1. Field of the Invention
This invention relates in general to drywells and more particularly to a drywell structure which utilizes a filtration principle to prevent silt and other foreign materials from being transported by the drain water into the subterranean levels.
2. Description of the Prior Art
As is known in the art, a drywell is a structure formed in the earth for receiving water such as from a street after a storm, a roof drain system, floor drain system, or the like and draining that water into a permeable subterranean soil. Typically, a drywell is drilled, or otherwise formed in the ground so as to extend from ground level into permeable soil and the drywell is backfilled with selected rocks. A settling chamber defined by a concrete liner is located in the upper end of the drywell with a manhole cone on its upper end. A cast iron ring and grate are provided in the top of the manhole cone to receive the water to be drained, and the otherwise open bottom end of the setting chamber is closed with a porous filter fabric. In some instances, the lower portion of the concrete liner is provided with drain holes that extend laterally from the settling chamber into the rock-filled drywell. An imperforate overflow pipe extends upwardly from the bottom of the settling chamber and a cylindrical large mesh debris screen extends coaxially upwardly from the open upper end of the overflow pipe. A preforated drain pipe depends from the lower end of the overflow pipe through the rock-filled drywell and an injection screen is mounted on the lower end of the drain pipe.
When drain water is received in the drywell structure, it will enter and fill the settling chamber to the level of the open upper end of the overflow pipe.
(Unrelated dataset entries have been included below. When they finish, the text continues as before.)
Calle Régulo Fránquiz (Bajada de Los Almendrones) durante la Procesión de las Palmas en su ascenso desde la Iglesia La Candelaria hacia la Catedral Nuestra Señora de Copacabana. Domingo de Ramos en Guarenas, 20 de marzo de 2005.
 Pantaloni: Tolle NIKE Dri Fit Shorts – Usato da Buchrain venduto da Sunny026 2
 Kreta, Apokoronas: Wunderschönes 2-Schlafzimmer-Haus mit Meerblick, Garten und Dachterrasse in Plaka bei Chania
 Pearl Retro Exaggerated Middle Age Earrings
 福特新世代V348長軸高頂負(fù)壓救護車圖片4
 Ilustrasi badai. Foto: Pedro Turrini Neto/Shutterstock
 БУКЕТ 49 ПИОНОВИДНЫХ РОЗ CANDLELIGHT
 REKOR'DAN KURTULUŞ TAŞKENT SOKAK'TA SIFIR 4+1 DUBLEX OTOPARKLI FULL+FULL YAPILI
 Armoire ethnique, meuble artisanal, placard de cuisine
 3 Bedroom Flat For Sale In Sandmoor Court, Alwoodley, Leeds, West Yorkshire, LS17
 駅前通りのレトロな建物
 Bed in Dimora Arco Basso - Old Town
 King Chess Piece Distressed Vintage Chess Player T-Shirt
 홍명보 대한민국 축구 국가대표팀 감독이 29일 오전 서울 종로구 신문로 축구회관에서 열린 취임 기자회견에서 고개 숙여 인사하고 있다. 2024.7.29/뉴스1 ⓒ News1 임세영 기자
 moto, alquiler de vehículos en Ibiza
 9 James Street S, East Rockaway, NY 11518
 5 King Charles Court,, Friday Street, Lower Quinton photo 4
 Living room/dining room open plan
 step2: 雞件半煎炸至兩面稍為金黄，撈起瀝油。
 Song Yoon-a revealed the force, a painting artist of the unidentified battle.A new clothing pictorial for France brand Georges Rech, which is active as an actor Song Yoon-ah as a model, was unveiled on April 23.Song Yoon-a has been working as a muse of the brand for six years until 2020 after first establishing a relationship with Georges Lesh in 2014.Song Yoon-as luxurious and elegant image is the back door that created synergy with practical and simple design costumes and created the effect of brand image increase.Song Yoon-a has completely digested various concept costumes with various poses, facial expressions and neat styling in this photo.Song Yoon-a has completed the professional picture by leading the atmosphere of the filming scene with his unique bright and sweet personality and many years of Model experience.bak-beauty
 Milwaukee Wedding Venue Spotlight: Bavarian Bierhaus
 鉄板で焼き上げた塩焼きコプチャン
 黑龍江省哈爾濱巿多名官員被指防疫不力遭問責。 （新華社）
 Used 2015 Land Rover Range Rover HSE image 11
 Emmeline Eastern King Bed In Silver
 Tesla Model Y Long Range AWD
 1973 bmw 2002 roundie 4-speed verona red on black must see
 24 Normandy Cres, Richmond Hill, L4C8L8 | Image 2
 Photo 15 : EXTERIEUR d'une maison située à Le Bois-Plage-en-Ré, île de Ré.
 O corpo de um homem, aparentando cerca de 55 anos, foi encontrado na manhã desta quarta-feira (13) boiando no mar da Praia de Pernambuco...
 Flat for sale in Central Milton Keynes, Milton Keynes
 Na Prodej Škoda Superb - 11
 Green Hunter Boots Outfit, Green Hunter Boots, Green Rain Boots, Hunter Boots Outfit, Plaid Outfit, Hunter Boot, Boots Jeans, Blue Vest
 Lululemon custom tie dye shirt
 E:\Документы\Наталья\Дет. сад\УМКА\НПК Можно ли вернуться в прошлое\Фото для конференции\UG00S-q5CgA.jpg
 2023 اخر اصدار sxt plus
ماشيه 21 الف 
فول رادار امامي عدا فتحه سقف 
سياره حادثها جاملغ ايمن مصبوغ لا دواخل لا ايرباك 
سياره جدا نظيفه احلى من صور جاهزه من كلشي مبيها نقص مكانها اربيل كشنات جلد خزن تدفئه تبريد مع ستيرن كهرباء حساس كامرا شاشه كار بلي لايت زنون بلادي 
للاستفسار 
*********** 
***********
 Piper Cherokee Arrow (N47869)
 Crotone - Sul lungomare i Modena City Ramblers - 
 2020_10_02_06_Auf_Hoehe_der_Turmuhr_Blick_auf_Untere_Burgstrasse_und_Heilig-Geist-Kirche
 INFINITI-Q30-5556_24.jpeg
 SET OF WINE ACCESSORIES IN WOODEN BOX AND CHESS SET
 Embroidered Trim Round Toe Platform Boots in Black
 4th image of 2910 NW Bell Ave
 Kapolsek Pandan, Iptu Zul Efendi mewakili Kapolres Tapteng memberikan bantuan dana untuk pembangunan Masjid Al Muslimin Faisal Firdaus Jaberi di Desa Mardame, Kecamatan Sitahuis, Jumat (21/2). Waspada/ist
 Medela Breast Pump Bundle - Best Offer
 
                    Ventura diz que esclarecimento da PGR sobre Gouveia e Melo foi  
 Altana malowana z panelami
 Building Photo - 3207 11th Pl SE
When filled to this level, drainage will begin in an overflow manner via the overflow pipe, drain pipe and injection screen through the rock interface into the permeable soil. When and if the permeable soil becomes saturated, water flow through the injection screen will be reduced and the flow rate will be increased through the multiple apertures of the perforated drain pipe. And, water will also flow out of the settling chamber through the filter fabric provided in its bottom end and through the lateral drain holes formed in the lower portion of the concrete liner.
As in most, if not all, water drainage, some silt and other foreign matter will be carried by the water into the settling chamber. The ideal result will be that the silt and non-floating foreign matter will settle to the bottom of the settling chamber and the floating foreign materials will be prevented from entering the overflow pipe by the debris screen, and periodic cleaning of the settling chamber is needed to remove the settled materials.
Even when the settling chamber of such a prior art drywell is clean, not all of the silt and other foreign materials will settle out, particularly when incoming water flow is heavy such as during and immediately after a storm. As the settling chamber becomes filled, this problem is aggravated and can become critical if the required cleaning of the settling chamber is neglected.
The silt and other foreign materials which enter the overflow pipe and are carried to subterranean levels result in contamination of the drywell which at first reduces its water dissipation capabilities and eventually destroys the useful life of the drywell. The silt and other foreign materials form a cake which clogs the porous soil around the drywell and clogs the rock back fill. When this occurs, the drywell must be abandoned.
Therefore, a need exists for a new and improved drywell structure which overcomes, or at least substantially reduces, the problems and shortcomings of the prior art.